Le réseau des universités partenaires qui compte actuellement 88 universités réparties sur tout le territoire de la Russie. Ce réseau est destinataire d’une Lettre de réseau, lettre informatique qui paraît 10 fois par an. Une nouveauté consiste dans l’ouverture d’un centre de passation des examens DELF et DALF dans une quinzaine de ces universités partenaires. Cette nouvelle disposition devrait faciliter l’accès à ces examens pour toutes les personnes intéressées dans les régions russes.
Le réseau des écoles dites à l’enseignement approfondi en français. Plusieurs événements organisés par l’ambassade ont déjà rassemblé les enseignants et directeurs de ces établissements (Moscou en 2005, Petrozavodsk en 2006, Saint Pétersbourg au printemps 2007), et j’espère que quelques-uns d’entre eux ouvriront bientôt de nouvelles filières bilingues franco-russes, à l’instar de ce qui existe déjà au sein de l’école n° 171 à Saint- Pétersbourg ou du Lycée Nikitine, à Voronej.
Parallèlement, il y a un beau projet qui concerne l’enseignement du russe en France. Il s’agit de la création de sections internationales de russe en France. Tous ces efforts s’inscrivent dans le cadre de l’accord sur la langue du pays partenaire signé par nos Ministres de l’Éducation en décembre 2004 et dont l’objectif est de mieux promouvoir le russe en France et le français en Russie.
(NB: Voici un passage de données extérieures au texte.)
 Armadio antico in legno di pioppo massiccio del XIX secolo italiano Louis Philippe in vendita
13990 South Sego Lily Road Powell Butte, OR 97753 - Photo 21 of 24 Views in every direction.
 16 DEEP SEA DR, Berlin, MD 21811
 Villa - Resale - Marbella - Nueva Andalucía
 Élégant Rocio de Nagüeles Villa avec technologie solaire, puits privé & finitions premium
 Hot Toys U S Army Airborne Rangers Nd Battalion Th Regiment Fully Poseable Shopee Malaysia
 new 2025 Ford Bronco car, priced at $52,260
Le quatrième réseau c’est le réseau des Associations des professeurs de français en Russie. J’espère toujours voir naître en Russie plusieurs nouvelles associations qui couvriront les différentes régions. Elles donneront ainsi plus de visibilité à l’action entreprise pour le français et pourront bénéficier de notre soutien, à partir du moment où elles seront inscrites dans la légalité russe. Elles auront aussi toute leur place au sein de la Fédération internationale des professeurs de français (FIPF) où la Russie est encore insuffisamment représentée.
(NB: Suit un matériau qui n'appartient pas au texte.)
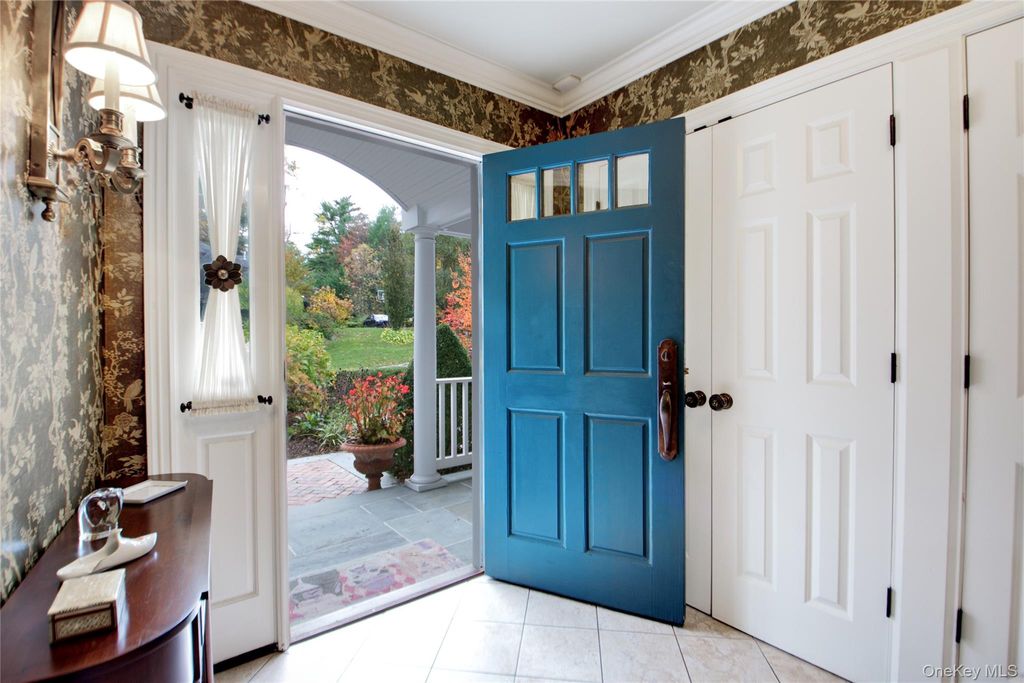 Photo of 110 Birch Drive, East Hills, NY 11576 (MLS # 965029)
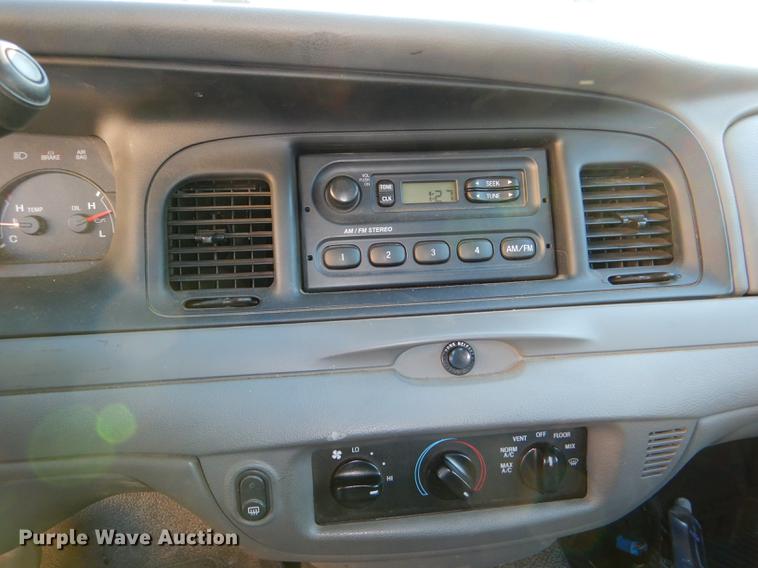 image for item DF1622 2003 Ford Crown Victoria Police Interceptor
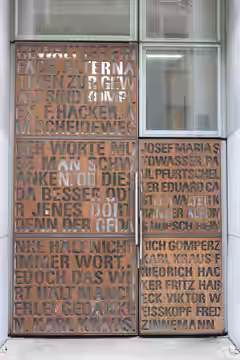Gymnasium Stubenbastei, Hauptfront Stubenbastei, Haupteingang, Türe, Kunst am Bau, Inschrift (2015)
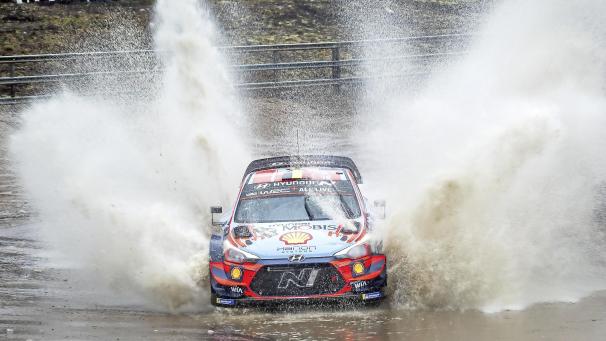 <p>Schlamm und Wasser statt Schnee bei der Schweden-Rallye 2020.</p>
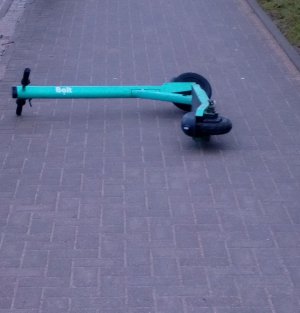 Krew na chodniku i przewrócona hulajnoga. Niebezpiecznie przy ul. Żołnierskiej w Olsztynie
Et enfin, le dernier-né, le réseau des formateurs des formateurs. Nous sommes en train de le construire en nous appuyant sur les enseignants qui ont régulièrement fréquenté nos sessions de formation – en Russie et en France. À cet effet, nous avons organisé un séminaire à Yaroslavl en mars 2007 avec une trentaine de participants. Un autre aura lieu en 2008, à Kémérovo.
Ces réseaux sont nos points d’appui dans les régions russes. C’est grâce à l’aide de tous ces partenaires que nous organisons séminaires, colloques et rencontres.
J’espère que toutes ces idées brassées lors de ces rencontres font avancer la réflexion et que nous trouverons ensemble les moyens de maintenir, voire développer la position du français en Russie. Je sais en tout cas combien tous les enseignants de ce pays, passionnés de la langue française, sont dévoués à cette cause et je voudrais les assurer que nous continuerons à mettre tout en њuvre pour les soutenir et les encourager.